Okay, so it’s come up on this blog a few times, but my degree is in design. To be more specific, cover design. More specific still, typography. So I’m a bit of a type geek.

And to be honest, I’ve always gravitated more toward the aesthetic of adult literary covers because of their use of typography. Much as I love the content of YA, cover-wise it hasn’t been one for playing with type (I am making generalizations here, and of course there are exceptions).

And I get it.

I get that it has to appeal to teens (not JUST teens) and the best way to do that is a photographic cover (especially one with a dead girl in a dress, apparently). The vast majority of YA covers, even the GORGEOUS ones, don’t play with type. They pick a nice, solid font, and place it front and center. Sometimes they add swirls, or a bit of filigree…:

…but it’s fairly safe. Lovely, but static. I picked three covers for popular upcoming titles, but the MAJORITY of books out there–fantasy and realism alike, though I’ve noticed there’s MORE willingness to play in realism–will fit the mold. The key is, there’s little to no interaction between the type and the image (have you seen Zombieland? That’s an AMAZING example of the type interacting with the environment). And that’s okay, it’s a balancing act. The type is there to be lovely without overshadowing the image. And I like them.

But I LOVE typographically active covers. Which is why I’m SO, SO, SO happy to see a handful of YA covers going in that direction!!!

I don’t know what’s guiding this. I suspect it’s publishers wanting to generate more crossover appeal, though I suppose it could be a genuine interest in exploring typographic potential, but whatever it is, I LOVE IT.

So this is my plea to cover designers, publishers, and the people who make the big decisions: be daring!
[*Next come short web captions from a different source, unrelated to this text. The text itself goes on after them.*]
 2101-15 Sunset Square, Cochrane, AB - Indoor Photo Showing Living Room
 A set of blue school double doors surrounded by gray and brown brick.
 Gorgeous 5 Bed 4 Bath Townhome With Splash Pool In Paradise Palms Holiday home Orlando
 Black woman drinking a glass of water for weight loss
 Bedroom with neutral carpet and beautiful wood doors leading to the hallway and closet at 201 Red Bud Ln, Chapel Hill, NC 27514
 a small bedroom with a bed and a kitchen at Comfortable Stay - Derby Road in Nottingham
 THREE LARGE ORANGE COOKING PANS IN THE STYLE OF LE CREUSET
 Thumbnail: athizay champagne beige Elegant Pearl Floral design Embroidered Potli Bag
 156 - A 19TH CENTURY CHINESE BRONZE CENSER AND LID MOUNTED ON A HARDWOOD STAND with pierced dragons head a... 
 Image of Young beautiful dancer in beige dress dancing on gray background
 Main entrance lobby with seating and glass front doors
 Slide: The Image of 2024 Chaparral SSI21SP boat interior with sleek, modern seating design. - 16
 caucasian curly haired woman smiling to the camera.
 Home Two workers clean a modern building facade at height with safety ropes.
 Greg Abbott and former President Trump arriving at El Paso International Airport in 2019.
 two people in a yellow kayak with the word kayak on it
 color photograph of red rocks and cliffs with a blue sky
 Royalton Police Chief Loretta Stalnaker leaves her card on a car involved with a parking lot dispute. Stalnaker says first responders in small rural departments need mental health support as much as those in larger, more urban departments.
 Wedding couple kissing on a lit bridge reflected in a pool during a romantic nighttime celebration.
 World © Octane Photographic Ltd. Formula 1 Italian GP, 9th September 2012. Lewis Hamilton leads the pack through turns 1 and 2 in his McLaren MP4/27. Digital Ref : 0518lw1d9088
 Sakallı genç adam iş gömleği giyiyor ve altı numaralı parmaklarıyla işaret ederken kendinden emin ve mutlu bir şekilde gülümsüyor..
I’m not saying to get rid of the dead girls/girls in dresses, I’m just saying I’d LOVE to see this kind of thing continue!!

ETA: Megan Crewe showed me THIS LINK to an awesome list on GR!


  1. Heather Ponzer says:

    Covers are so important. My biggest pet peeve is using real people on covers. I hate, hate, hate it.

    • veschwab says:

      Do you mean photographs as opposed to illustrations, or recognizable people? Alas, covers are INCREDIBLY important, and authors have little to no say in them. Nature of the game. And I do think a photographic cover with static type can still be lovely and successful, there’s just a special place in my heart reserved for typographically active ones 🙂

      • Heather Ponzer says:

        I mean close-ups using real people or even too realistic drawings too. It just feels like someone’s infringing on my creative rights as a reader. (Cause they’re my characters, obviously)

        Those covers are very cool. I can’t believe authors have so little say! That is insane to me.

  2. Katie says:

    That Cover Girl has a special place in her heart for Sad Girls in Pretty Dresses; ie, they’re awful and overused. I’m a big fan of typography based covers, especially ones that are done extremely well.

  3. Lori says:

    I like typography covers! The original Delirum cover was so great. Now I don’t like the new one as much. =\ I think it would be great to see more of this in YA. Typography really leaves more to the imagination but it’s still eye catching (like The Way We Fall <3).

  4. Tracking YA cover design trends is amusing. “Pink is the new purple.” “We just did an entire display of covers with a single giant eye staring out at the viewer.” &c.

    Many librarians are typography geeks, too. 😀

  5. Jade says:

    It’s not a recent cover, but the Australian version of Liar by Justine Larbalestier has always been one of my absolute favourites.